* **Records supplied**:
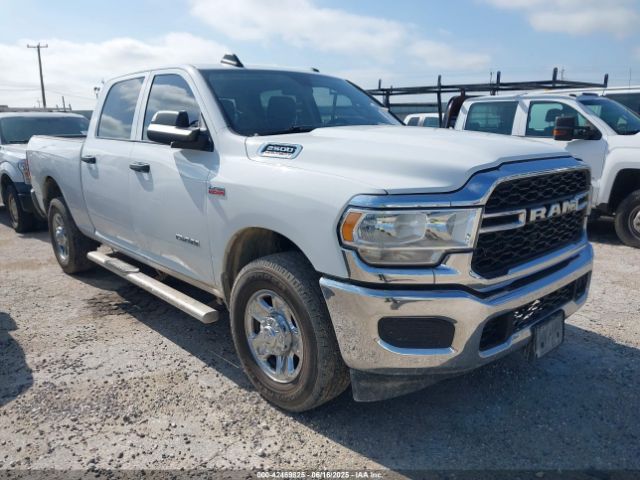 2020 RAM 2500 3C6UR4CJ8LG203888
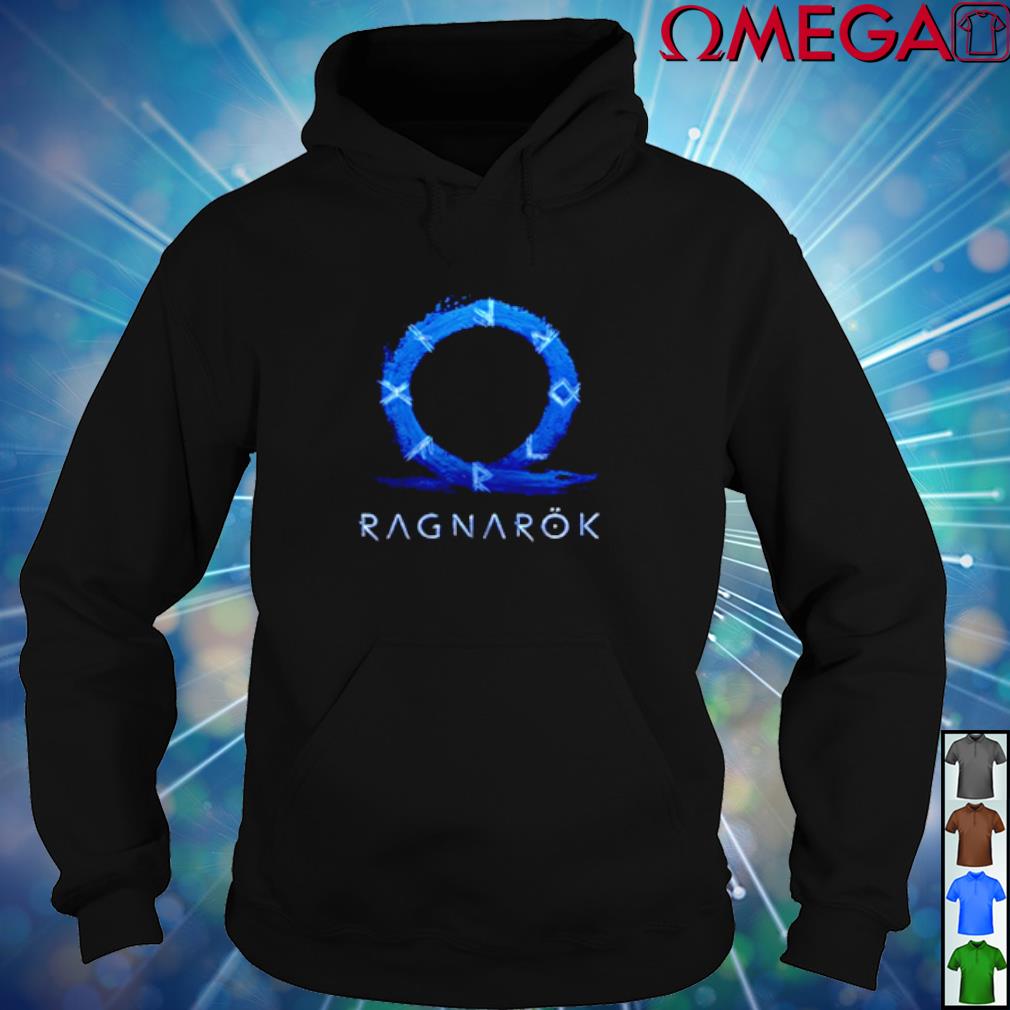 god of war ragnarok shirt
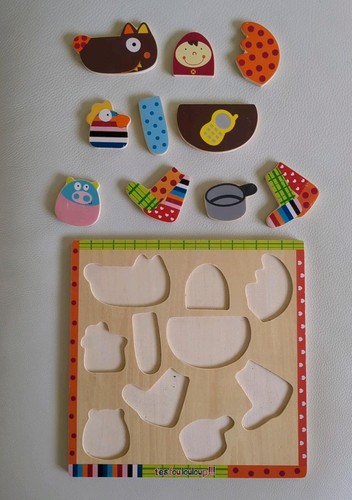 Tesfoulouloup 10 piece - 10,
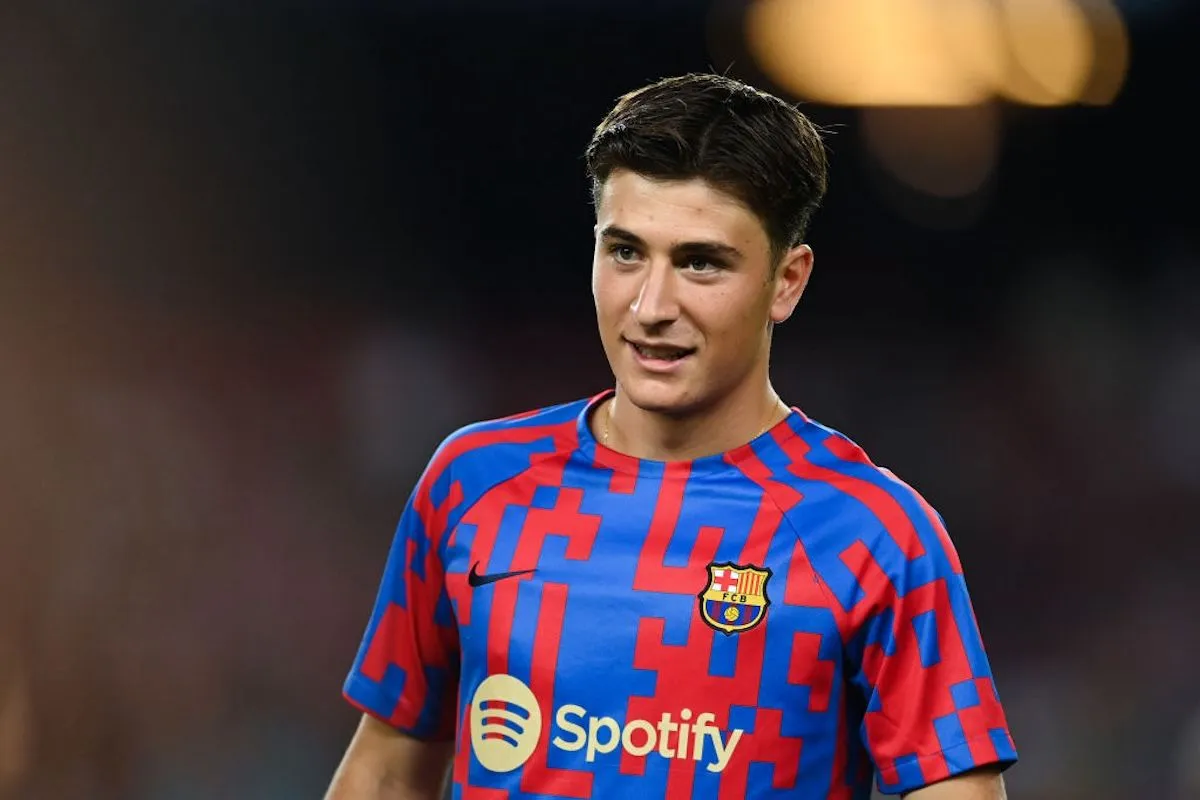Barcelona-talent vender retur til træning 48 timer efter operation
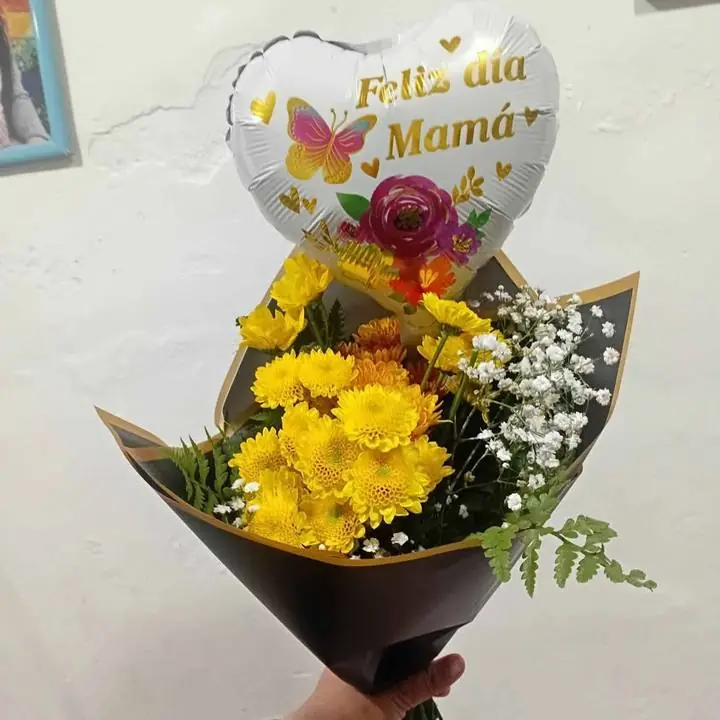 Ramos de flores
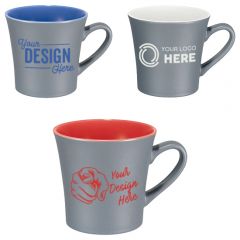 Stormy Ceramic Mug 12Oz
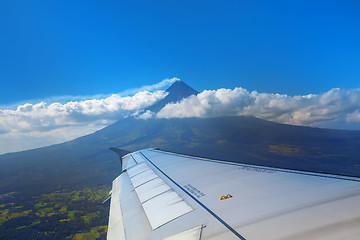 Image showing Mt Mayon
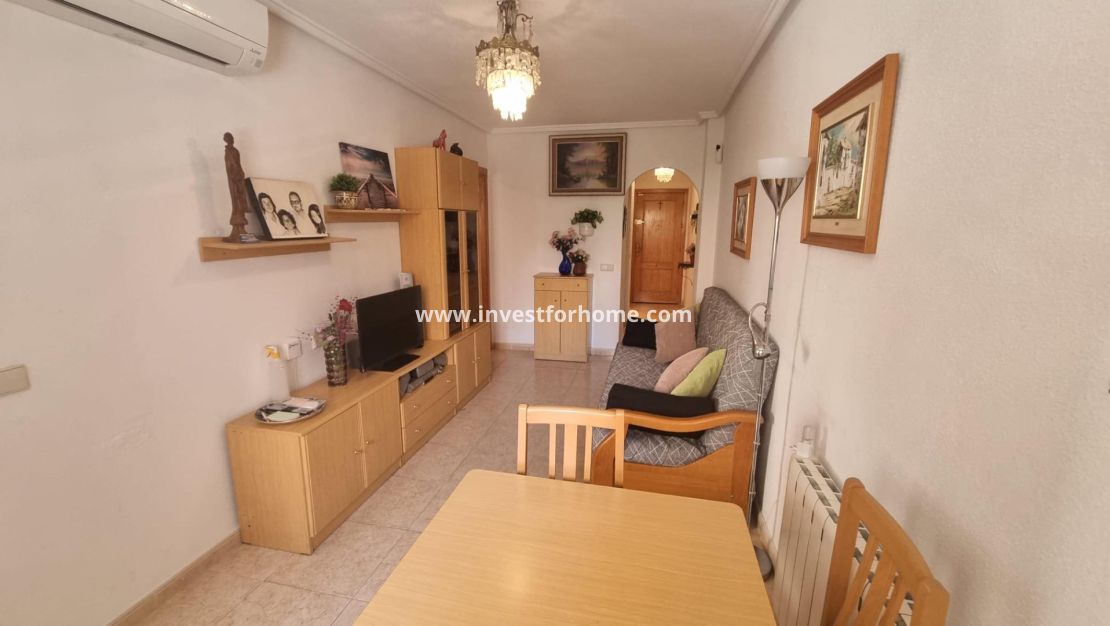 Försäljning - Lägenhet - Torrevieja - Centro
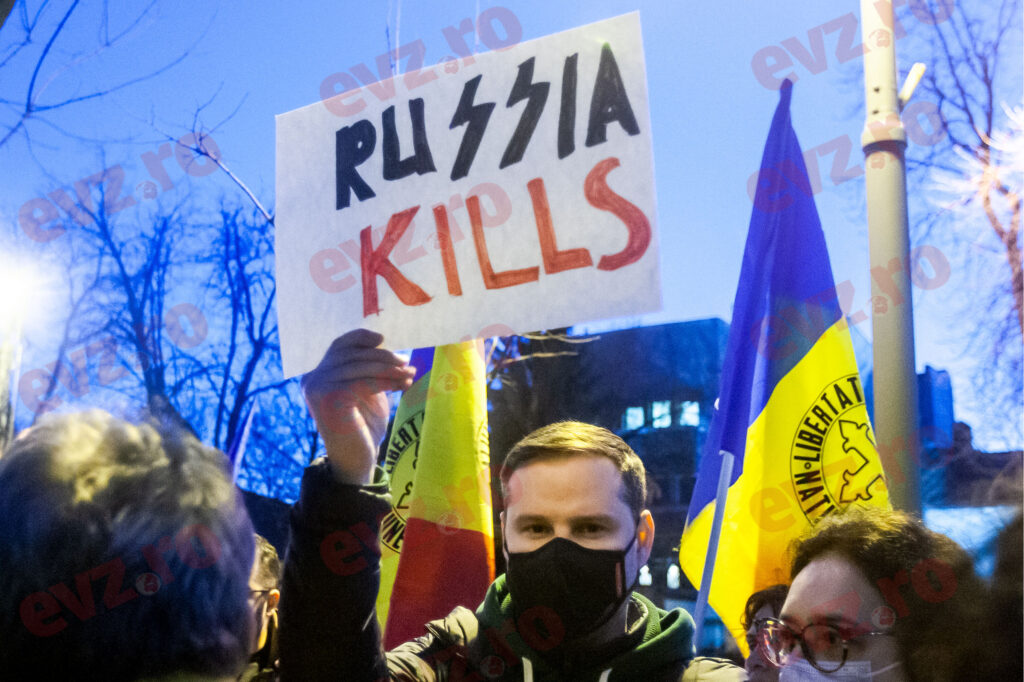 Rusia a fost suspendată din Consiliul European. Urmează alte sancțiuni extrem de dure pentru Moscova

* **Directions for this task**: Each line from the one holding "Stormy Ceramic Mug 12Oz" through the end of the listing is to be output exactly, both ends included, with no other lines and the pictures left out.

* **Your solution**:
 Stormy Ceramic Mug 12Oz
 Image showing Mt Mayon
 Försäljning - Lägenhet - Torrevieja - Centro
 Rusia a fost suspendată din Consiliul European. Urmează alte sancțiuni extrem de dure pentru Moscova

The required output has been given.